On June 30, the USDA will release its quarterly grain stocks and acreage report at 11:00 a.m. CDT.

It is important clients are aware that soybeans, soybean meal and corn are entering the period when seasonal peaks in prices occur. Soybeans tend to peak in price from mid-June to mid-July; soybean meal from late June through early August and corn from late June to mid July.

We took a look at the preliminary stats for trading on Friday, and the dominant action was massive open interest declines across the board on extremely heavy volume, perhaps setting new records.
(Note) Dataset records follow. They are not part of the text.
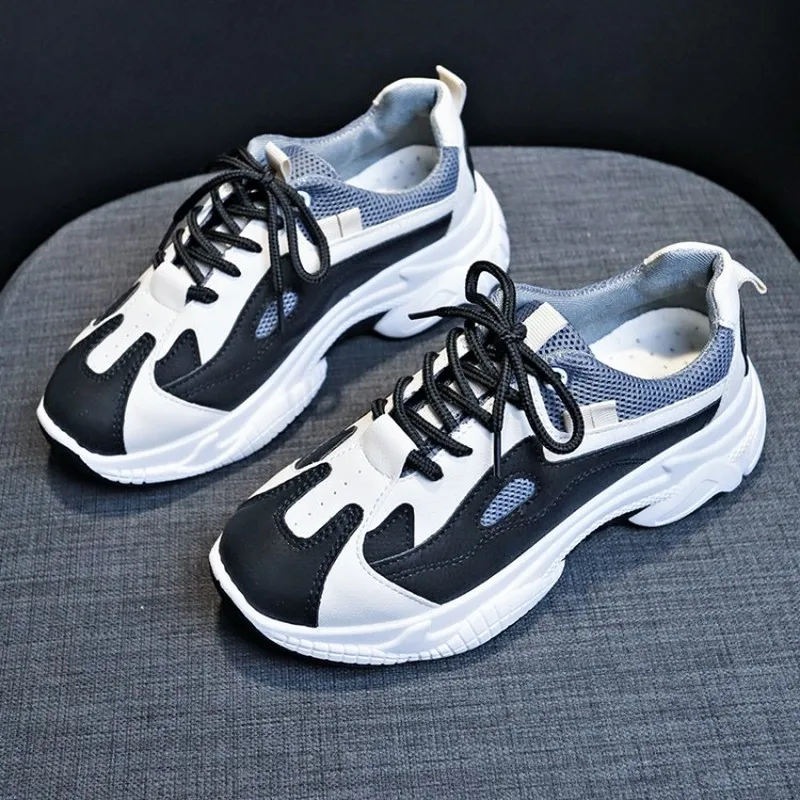 Женские кроссовки со шнуровкой Повседневная дышащая простая обувь на толстой
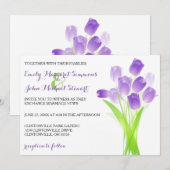 Paarse Tulpen - Huwelijksuitnodiging Kaart (Voorkant / Achterkant)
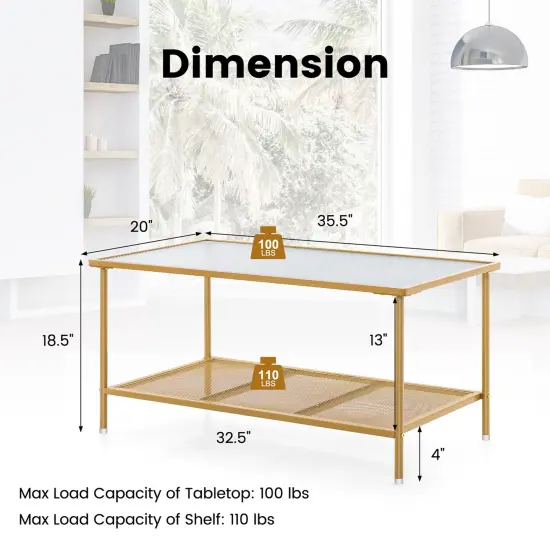 Costway 2-Tier Coffee Table with Shelf with Tempered Glass Top & Metal Frame Living Room {3}
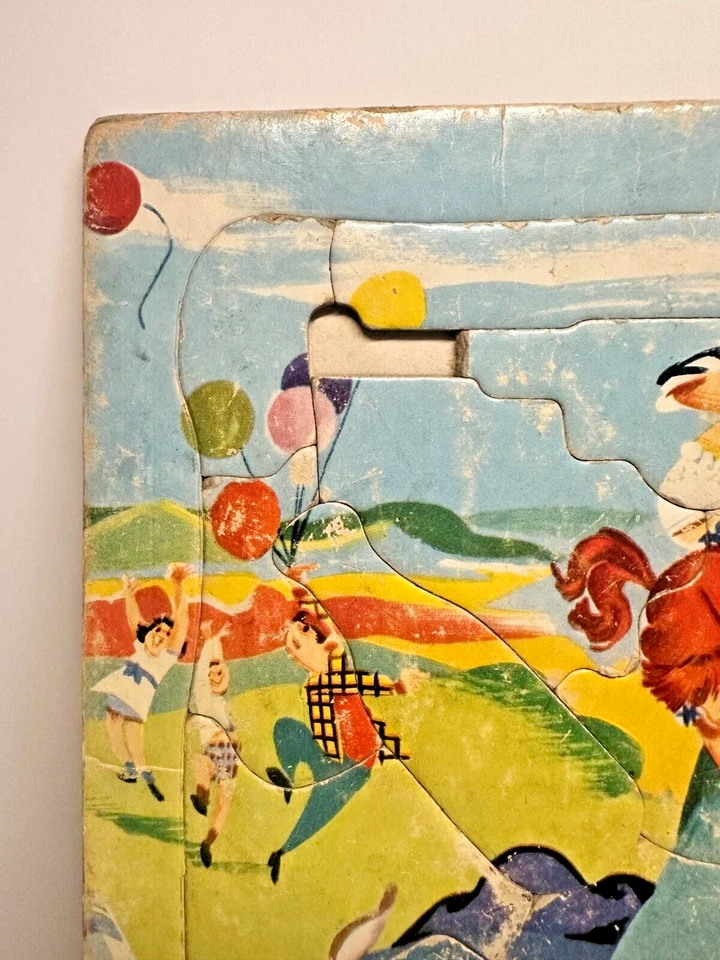 Vintage Puzzle Tray Jack & Jill Frame 1950s No 500 Built Rite Sta N Place 11x15  - Image 2 of 4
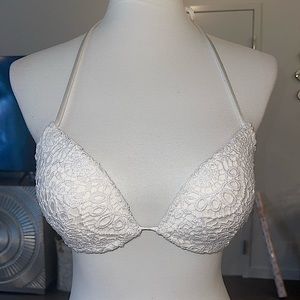 Victoria’s Secret 34B push-up white lace bikini top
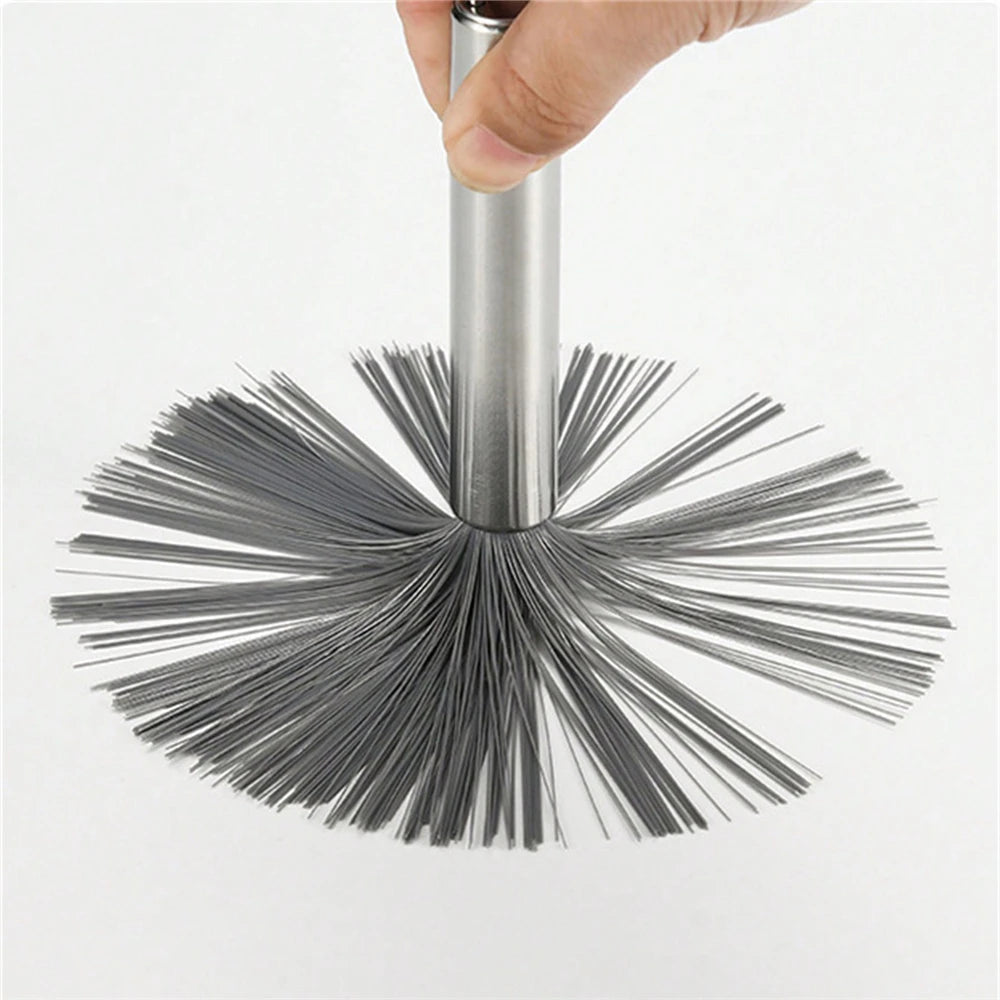 Stainless Steel Scrubbing Brush Set with Extended Handles - 2 Pieces for Pots & Pans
For example, total volume in corn was 796,786 contracts and total open interest declined by 42,627, which relative to volume is approximately 110% above average meaning that liquidation was extremely heavy. Soybeans traded 466,105 contracts and total open interest declined by 30,343, which relative to volume is approximately 160% above average. Soybean meal traded 152,119 contracts and total open interest declined by 12,857, which relative to volume is approximately 230% above average. Chicago wheat traded 351,063 contracts and total open interest declined by 12,040, which relative to volume is approximately 20% above average.
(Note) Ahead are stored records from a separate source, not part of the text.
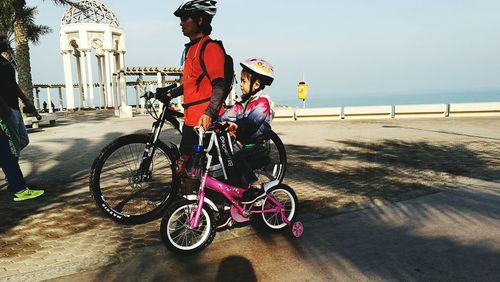 Bicycles riding bicycle on road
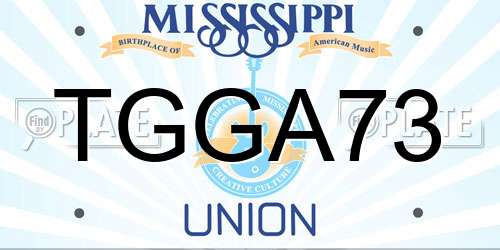 TGGA73 Mississippi License Plate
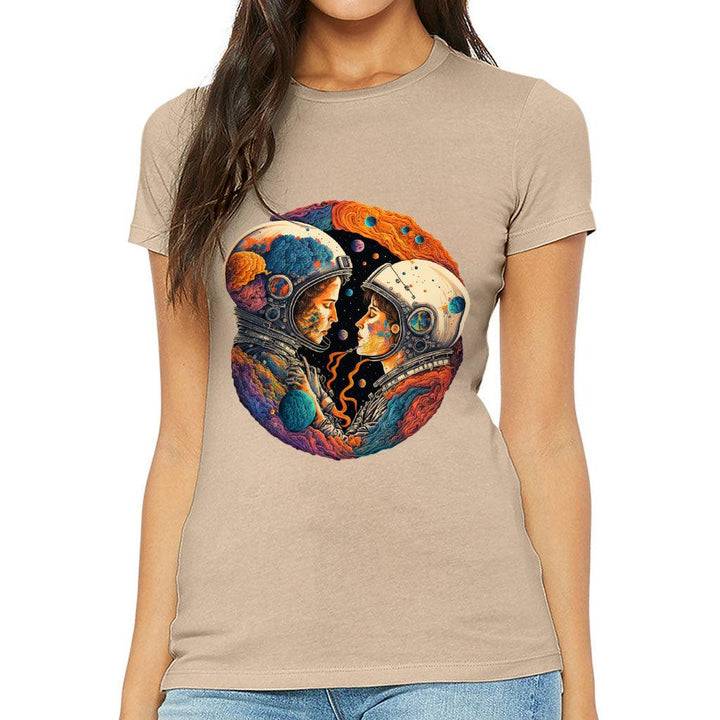 Love Astronaut Slim Fit T-Shirt - Fantasy Women's T-Shirt - Art Slim Fit Tee - MRSLM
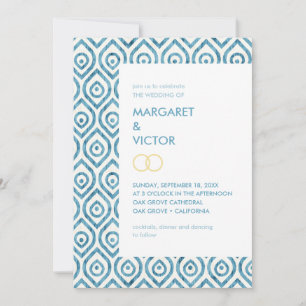 Elegant Ikat pattern Wedding Invitation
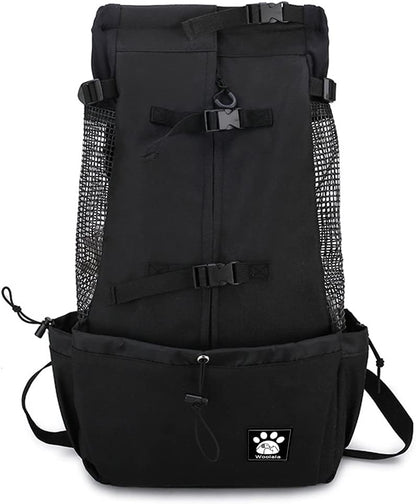 1-25KG Dog Carrier Bag with Drawstring Head Out Design, Ventilated Pet Backpack for Small Medium Dogs Daily Puppy Carrier for Walking Outdoor Safety/Comfortable/Lightweight (M-, Black)â¦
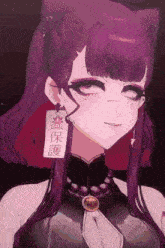 a girl with purple hair has a chinese symbol on her earring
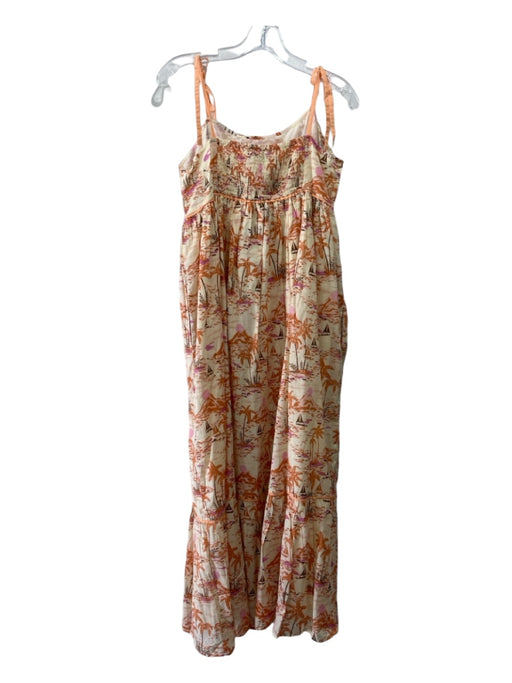 Olivia James Size L Beige Orange Pink Cotton Tie Straps Tropical Print Dress Beige Orange Pink / L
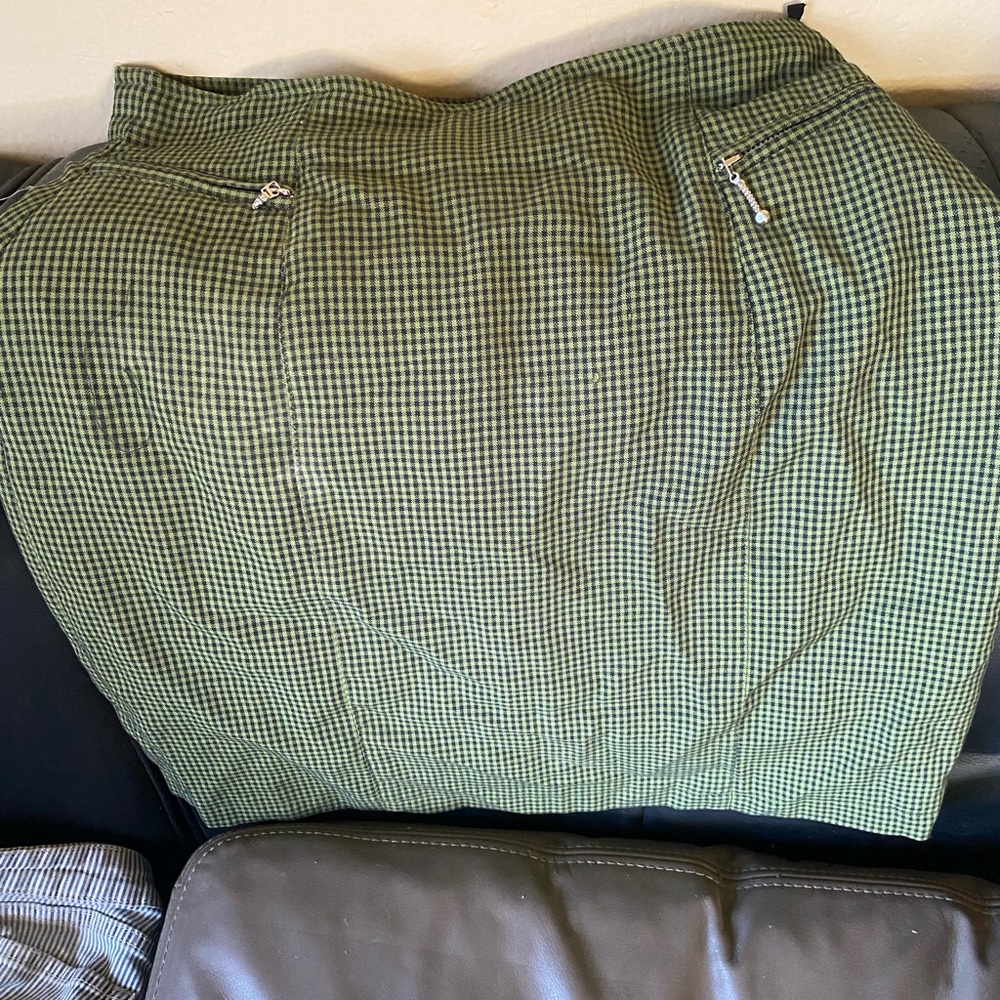 Forrest green zipper embellished mini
The final open interest stats will likely change and these will be available in our Monday report for activity on June 26. However, the trend is clear: market participants have been liquidating on the rally and this has been a consistent pattern of behavior with very few exceptions, most notably soybean meal.

Soybeans: On June 23, July soybeans generated an intermediate term buy signal after generating a short-term buy signal on June 17.

For the week, July soybeans advanced 30.50 cents, August +42.50, new crop November +46.25. The COT report revealed that managed money added 8,836 contracts to their long positions and liquidated a massive 54,523 of their short positions. Commercial interests liquidated 30,344 of their long positions and added 27,032 contracts to their short positions. As of the latest report, managed money is now long soybeans by a ratio of 1.06:1, which is a complete reversal from the previous week when they were short by a sizable 1.72:1 and the ratio two weeks ago when managed money was short by 2.10:1.

The last time managed money was long soybeans occurred in the COT report of March 10, 2015 when they were long by a ratio of 1.04:1. The trading range during the span of the report was from a low of 9.71 to a high of 10.10 1/4. The market has blown out a sizable number of short-sellers and because the tabulation date occurred last Tuesday, June 23, the net long position will likely increase in next week’s COT report. Also, the move to a net long position was the result of the massive liquidation of short positions, not a major addition of new long positions.

Note that during the past week, the deferred months gained on July, and we consider this to be a warning about the viability of the rally continuing. The collapse of the July premium to August has been surprising as soybeans have rallied to their highest level in months. For example, the July-August 2015 spread topped at 18.50 cents premium to July on June 12 and closed at 4.25 cents premium to August 2015 on June 26.

In short, from June 12 when the July contract closed at 9.40 through June 26 when it closed at 10.02 (+62.00 cents), the premium that July held over August has fallen 14.25 cents. We consider this to be another negative indicator because spread activity is dominated by commercial interests, not by speculators. Unfortunately, the decline of the front month versus deferred contracts has taken place in soybean meal and corn as well. 

Soybean meal:

For the week, July soybean meal advanced $18.20, August +18.00, new crop December +19.90. The COT report revealed that managed money added 8,552 contracts to their long positions and liquidated 7,415 of their short positions. Commercial interests liquidated 2,604 of their long positions and added 14,851 to their short positions. As of the latest report, managed money is long soybean meal by a ratio of 1.57:1, which is an increase from the previous week of 1.20:1 and dramatic shift from the ratio of two weeks ago of 1.01:1, which indicated that longs and shorts were about equally split.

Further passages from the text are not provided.